# Body protector thought...



## Dogstar (15 February 2011)

Although I wear a current-standard body protector for cross-country and sometimes for hacking if it's cold, I never wear them hunting due to their bulkiness, looks and the feeling of restriction of movement. However, the other week, for a 'high crash factor day' (which was also bitterly cold!), I found my ancient, 'first generation' BP and wore it under my hunt shirt. You really couldn't see it was there (I just looked normal instead of skinny )and I forgot I was wearing it as it was so comfy. As it happened, I did get chucked off onto a hedge then bounced onto the frozen ground- and was definitely somewhat cushioned! So, I was thinking; would there be a market for the old type sub-standard type BPs for hunting? After all they are better than nothing! Having said that, there are new generation hats coming out (eg Fiona's Hat) which are slimmer but still as safe... so maybe there are new BPs just round the corner?


----------



## tootsietoo (15 February 2011)

oh.  I've just got rid of my nearly 25 yr old airowear.  bother, hadn't thought of wearing out hunting, not a bad idea.


----------



## Darkly_Dreaming_Dex (15 February 2011)

The original caldene body protector, eg http://cgi.ebay.co.uk/Body-protecto...ds_Equestrian_Clothing_MJ&hash=item3f07538123 designed to go under a show jacket are fantastic for hunting. Both myself and OH have them  he then has a P2 airjacket over the top and a hunt coat as well (he did break his back- L1 & 2-18 months ago and is allowed to ride but not fall off...)
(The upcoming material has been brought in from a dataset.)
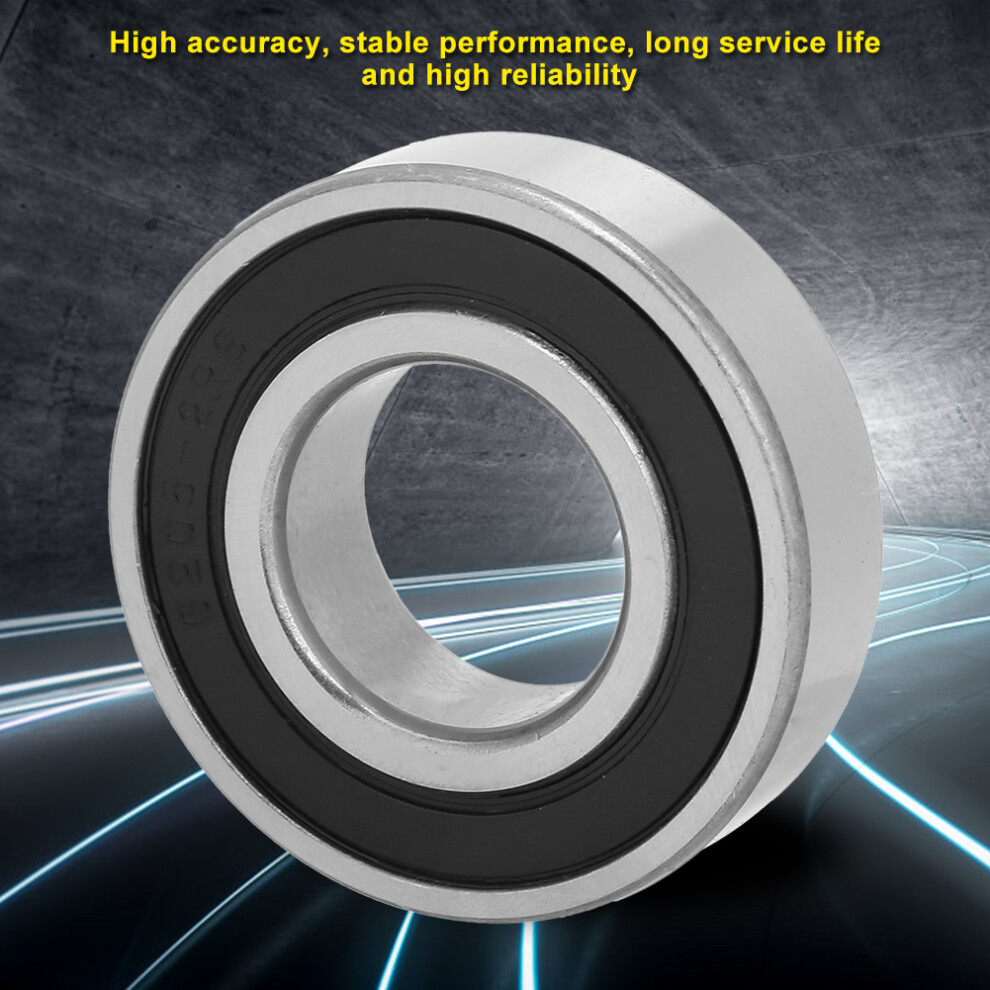 10Pcs 6205-2Rs Double Rubber Sealed Ball Bearings 25X52x15mm 7661362322006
a picture (both linked with permission of the tog) to show how neat wearing  2 Body Protectors can be 

http://www.evespics.co.uk/2011 events/Kimblewick Hunt Englefield House 5..2.11/HTML/img_9438.htm

on days when he is not on duty he wears the caldene under his black coat and the Point 2 over the top:

http://www.evespics.co.uk/2011 even...hopstone, Standalls 29.1.11/HTML/img_9084.htm

It has encouraged others to wear their BP too which has to be a good thing


----------



## countrychick (16 February 2011)

Anyone choosing to wear a very old BP is totally mad, the more you fall off in an 'ordinary one' the more it gets damaged just like a hat, BETA reccommend replacing them every 3 yrs or so. So the only way of buying one to last 'forever' is a KAN, they are unique in terms of safety and comfort....in my opinion the best out there, I have done loads of research as it has to be a wise investment, I treat it like an insurance policy.


----------



## NeverSayNever (16 February 2011)

countrychick said:



			Anyone choosing to wear a very old BP is totally mad, the more you fall off in an 'ordinary one' the more it gets damaged just like a hat, BETA reccommend replacing them every 3 yrs or so. So the only way of buying one to last 'forever' is a KAN, they are unique in terms of safety and comfort....in my opinion the best out there, I have done loads of research as it has to be a wise investment, I treat it like an insurance policy.
		
Click to expand...

^^^^^   ditto this


a racesafe or a kan are very slimline and i have worn both under a show jacket ad noone has known it has been there.


----------



## Darkly_Dreaming_Dex (16 February 2011)

countrychick said:



			Anyone choosing to wear a very old BP is totally mad, the more you fall off in an 'ordinary one' the more it gets damaged just like a hat, BETA reccommend replacing them every 3 yrs or so. So the only way of buying one to last 'forever' is a KAN, they are unique in terms of safety and comfort....in my opinion the best out there, I have done loads of research as it has to be a wise investment, I treat it like an insurance policy.
		
Click to expand...

Are you selling them 
do you truely believe that an older BP is worse than no BP   Of course you should replace any safety equipment after a crash and British Equestrian Trade Association will support its members' tack businesses by promoting the need to throw away "old" equipment 

The modern ones are way too bulky to fit under a proper hunt coat IMO- and yes i have a kan (not at all slimline in comparison to the older BP) and OH has an airowear outlyne which he tried under various hunt coats at Badminton- he would have to go 4" bigger on the chest to button up and that looked ridiculous. FWIW my caldene has been on the floor once in 20 years so it will do me just fine thanks

No one should be discouraged from wearing BP on the hunting field


----------



## ester (16 February 2011)

I can get my mum's racesafe under pretty discreetly, more so than my rodney powell anyway!


----------